* _Captioned web image data_:
*-*-*
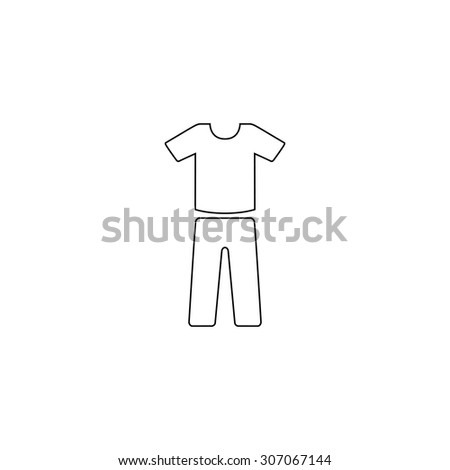 Download Uniform Pants Tshirt Outline Black Simple Stock Vector ...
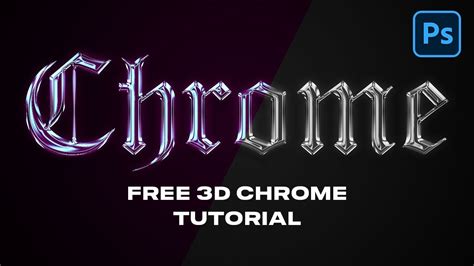 How to make THIS cool 3D Chrome Text Effect Text Tutorial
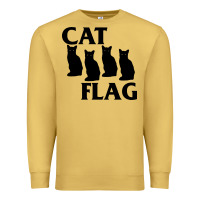 Antique Gold cat flag Premium Sweatshirt - artisFamous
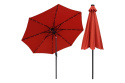 PARASOL OGRODOWY Z OŚWIETLENIEM LED 300CM /SASKA GARDEN PARASOL OGRODOWY Z OŚWIETLENIEM LED 300CM /SASKA GARDEN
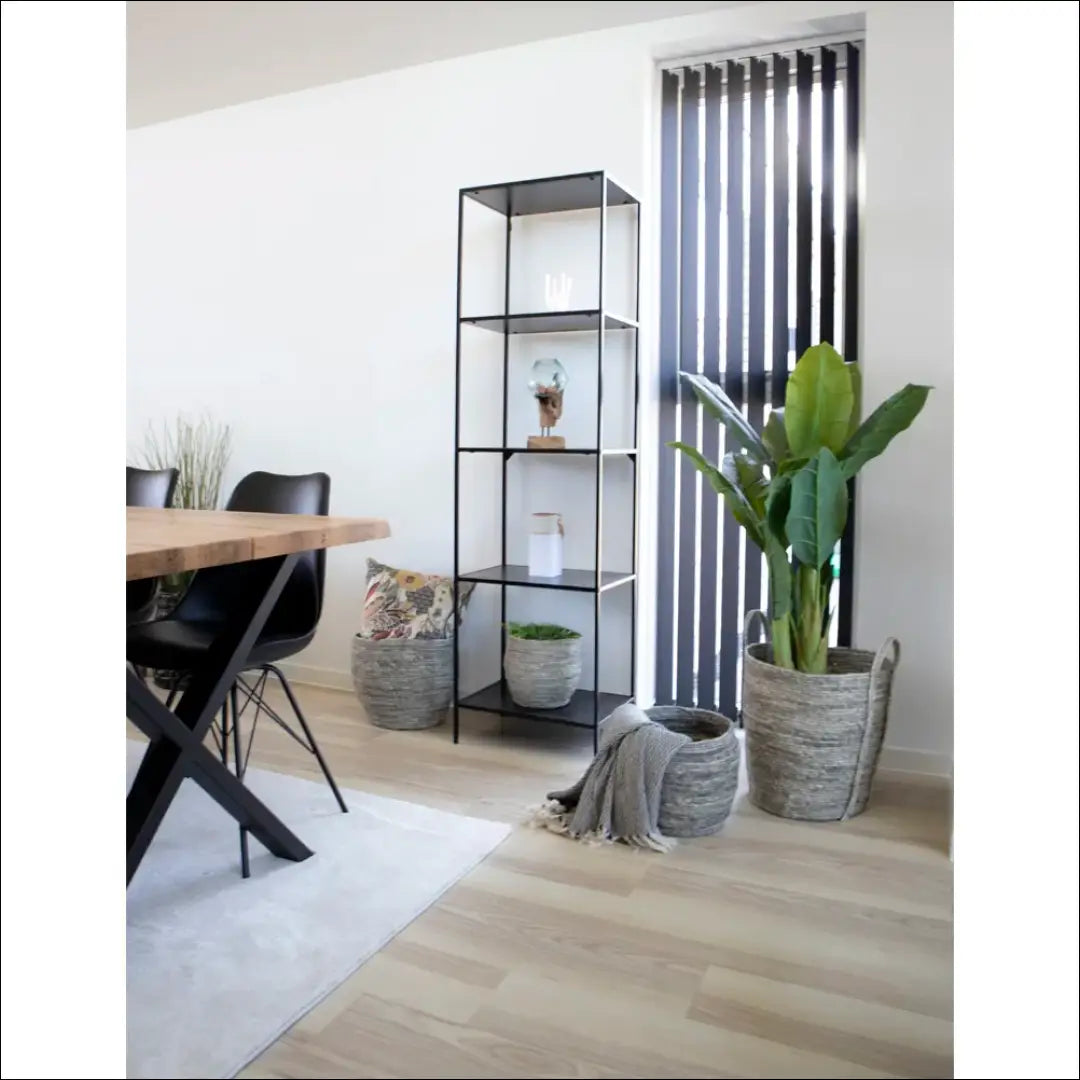 Lentyna 5 lentynos juoda juodas rėmas 51x36x170 cm RD493 - €119 Save 15% 100-200, __label:Pristatymas 5-14 d.d.,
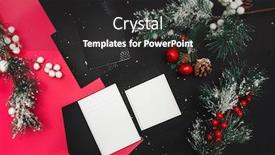  Presentation with christmas black - Cool new theme with christmas-minimal-mockup-red-xmas backdrop and a dark gray colored foreground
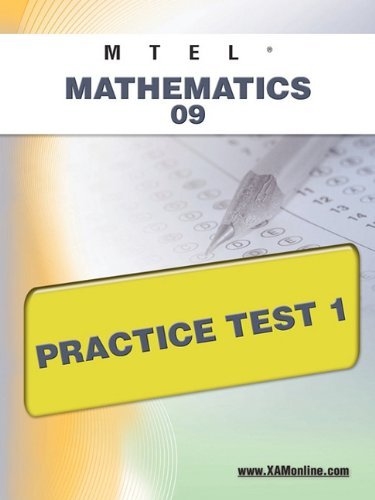 Cover for Sharon Wynne · Mtel Mathematics 09 Practice Test 1 (Pocketbok) (2011)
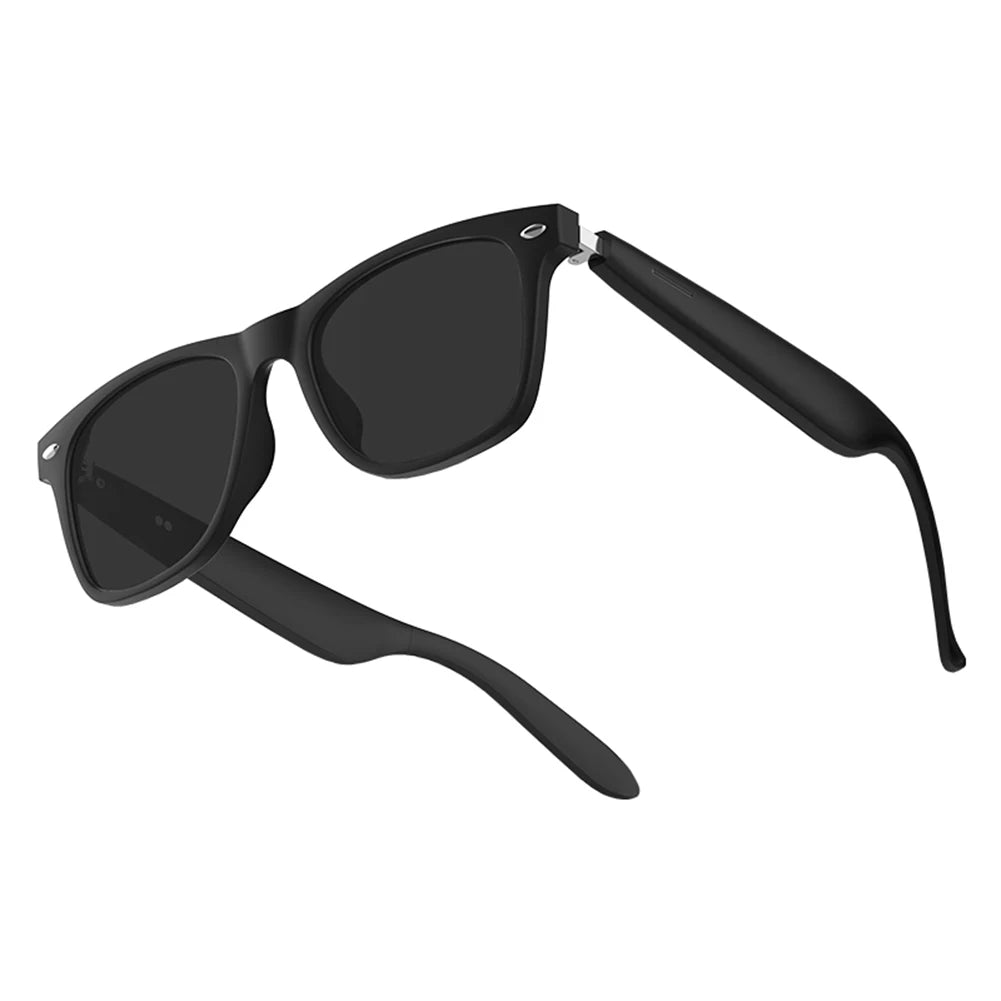 AI Intelligent Translation Glasses Smart Glasses Anti Glare Wireless Headset Sunglasses Sports Driving Sunglasses for Men Women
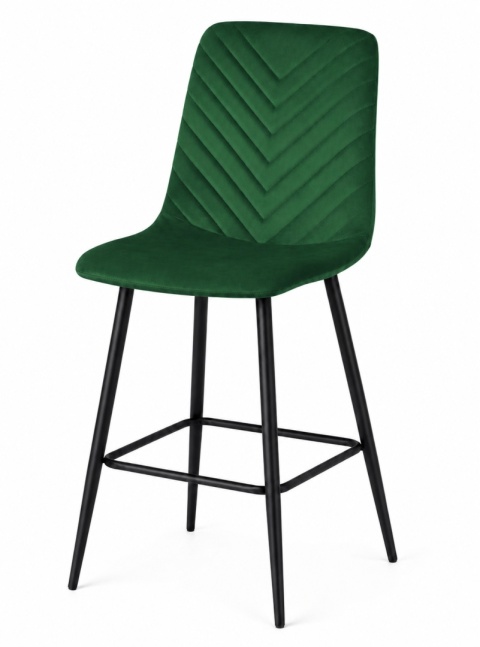 Krzesło barowe AVA TRIO BAR VELVET GREEN hoker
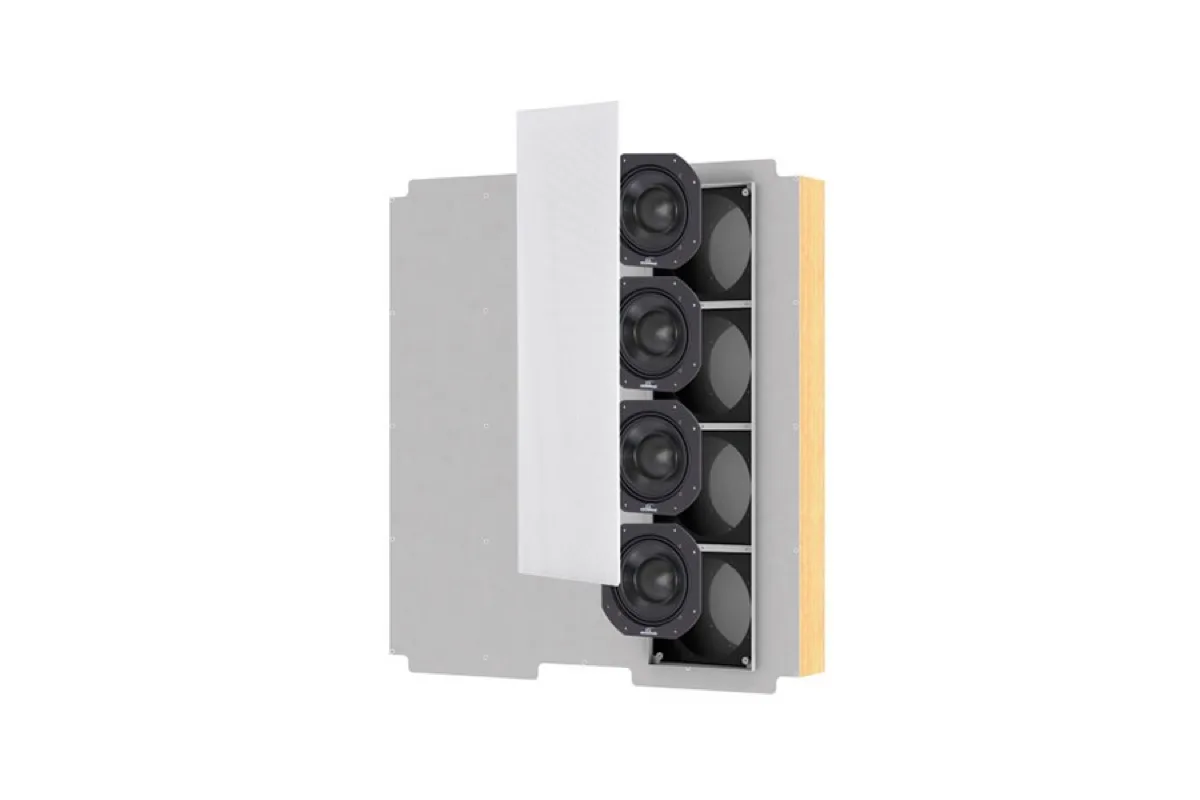 Garvan WR416 subwoofer de embutir quadruplo para cinema residencial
*-*-*
* _Task to carry out_:
Exactly reproduce each entry, but drop the pictures.

* _Output of the task_:
 Download Uniform Pants Tshirt Outline Black Simple Stock Vector ...
 How to make THIS cool 3D Chrome Text Effect Text Tutorial
 Antique Gold cat flag Premium Sweatshirt - artisFamous
 PARASOL OGRODOWY Z OŚWIETLENIEM LED 300CM /SASKA GARDEN PARASOL OGRODOWY Z OŚWIETLENIEM LED 300CM /SASKA GARDEN
 Lentyna 5 lentynos juoda juodas rėmas 51x36x170 cm RD493 - €119 Save 15% 100-200, __label:Pristatymas 5-14 d.d.,
  Presentation with christmas black - Cool new theme with christmas-minimal-mockup-red-xmas backdrop and a dark gray colored foreground
 Cover for Sharon Wynne · Mtel Mathematics 09 Practice Test 1 (Pocketbok) (2011)
 AI Intelligent Translation Glasses Smart Glasses Anti Glare Wireless Headset Sunglasses Sports Driving Sunglasses for Men Women
 Krzesło barowe AVA TRIO BAR VELVET GREEN hoker
 Garvan WR416 subwoofer de embutir quadruplo para cinema residencial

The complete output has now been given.